* **WHAT NEEDS TO BE DONE**
Except for the pictures, retype the records that follow exactly.

*** DATA FOR PROCESSING Section Begins ***

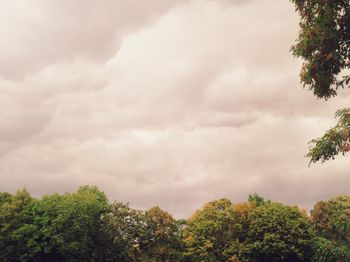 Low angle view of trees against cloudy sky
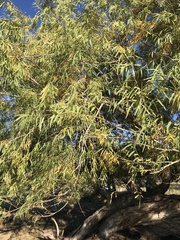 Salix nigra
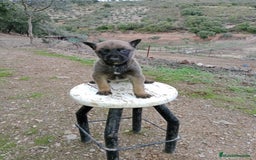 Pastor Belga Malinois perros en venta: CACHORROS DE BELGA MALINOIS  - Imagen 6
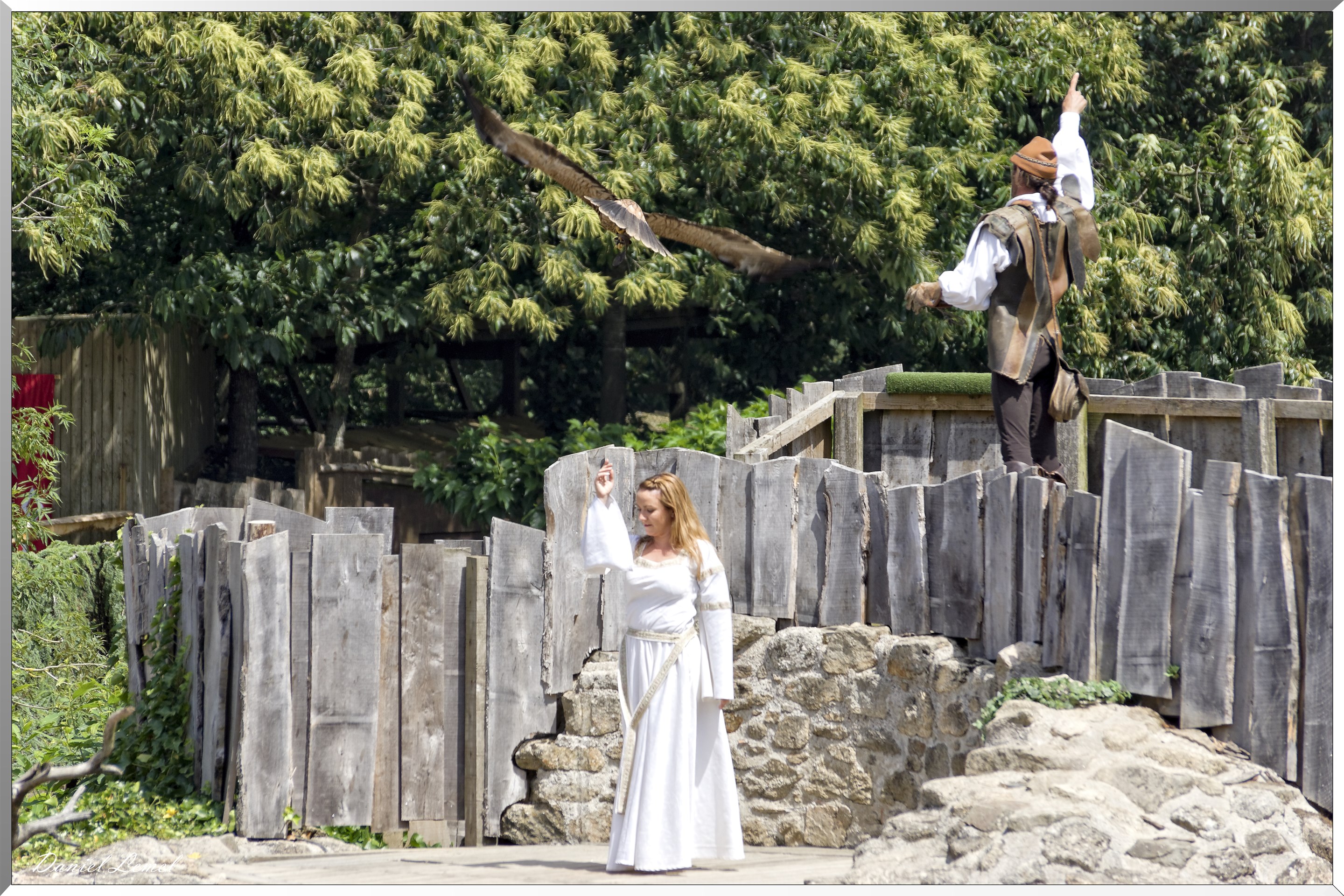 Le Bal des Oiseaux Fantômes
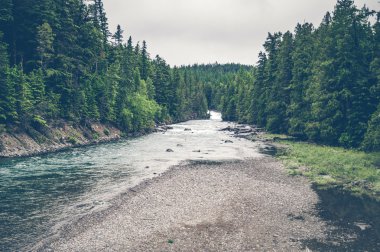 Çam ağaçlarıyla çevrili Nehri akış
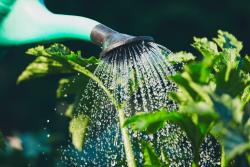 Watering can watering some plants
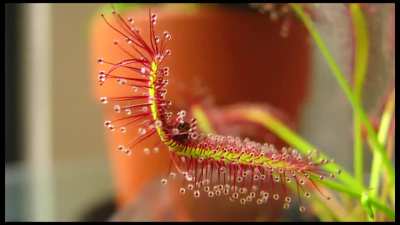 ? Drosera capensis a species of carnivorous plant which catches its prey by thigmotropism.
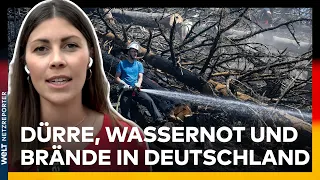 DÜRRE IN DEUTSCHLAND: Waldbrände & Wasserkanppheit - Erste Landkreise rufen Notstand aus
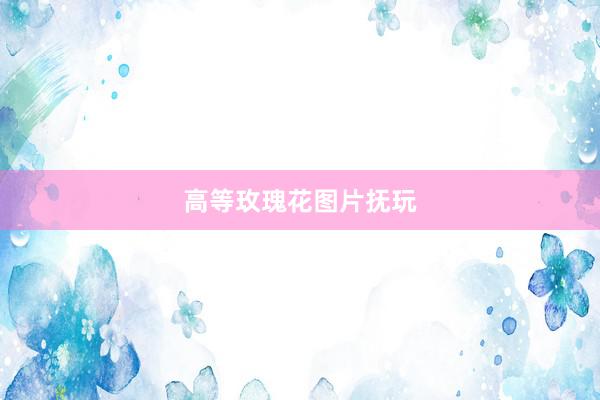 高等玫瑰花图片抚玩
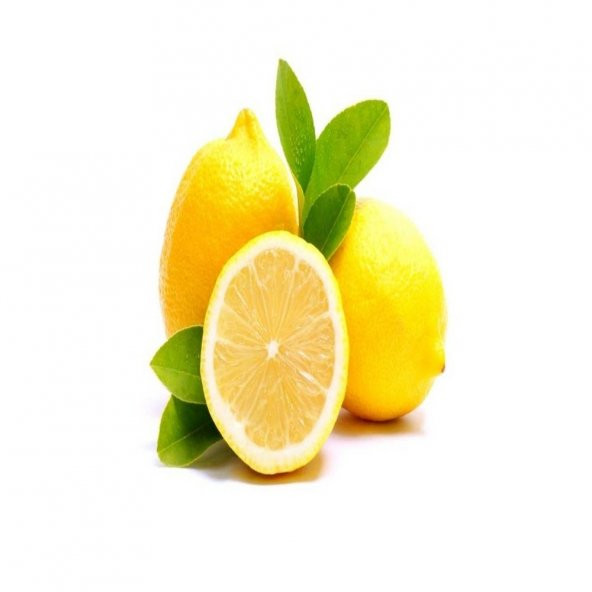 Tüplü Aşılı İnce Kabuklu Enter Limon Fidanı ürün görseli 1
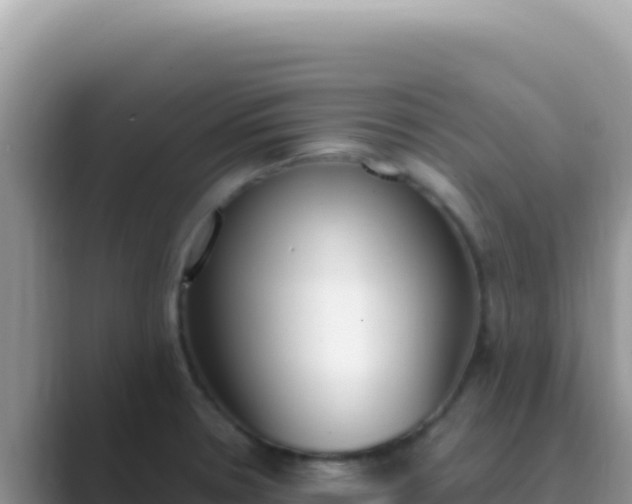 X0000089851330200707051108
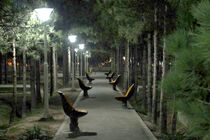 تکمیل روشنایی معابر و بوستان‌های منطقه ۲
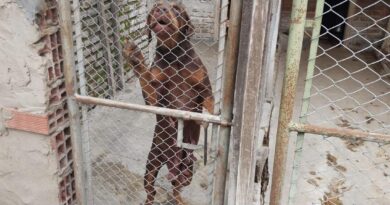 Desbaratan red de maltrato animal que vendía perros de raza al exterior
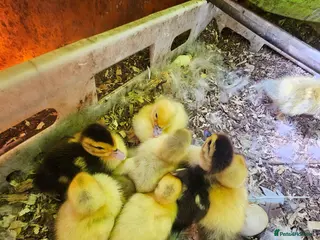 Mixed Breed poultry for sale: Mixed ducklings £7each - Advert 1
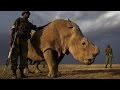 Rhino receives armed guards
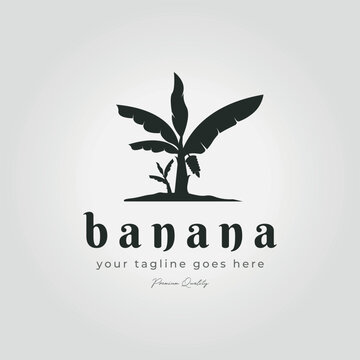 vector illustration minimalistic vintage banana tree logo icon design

*** DATA FOR PROCESSING Section Ends ***

* **FINISHED TASK**
 Low angle view of trees against cloudy sky
 Salix nigra
 Pastor Belga Malinois perros en venta: CACHORROS DE BELGA MALINOIS  - Imagen 6
 Le Bal des Oiseaux Fantômes
 Çam ağaçlarıyla çevrili Nehri akış
 Watering can watering some plants
 ? Drosera capensis a species of carnivorous plant which catches its prey by thigmotropism.
 DÜRRE IN DEUTSCHLAND: Waldbrände & Wasserkanppheit - Erste Landkreise rufen Notstand aus
 高等玫瑰花图片抚玩
 Tüplü Aşılı İnce Kabuklu Enter Limon Fidanı ürün görseli 1
 X0000089851330200707051108
 تکمیل روشنایی معابر و بوستان‌های منطقه ۲
 Desbaratan red de maltrato animal que vendía perros de raza al exterior
 Mixed Breed poultry for sale: Mixed ducklings £7each - Advert 1
 Rhino receives armed guards
 vector illustration minimalistic vintage banana tree logo icon design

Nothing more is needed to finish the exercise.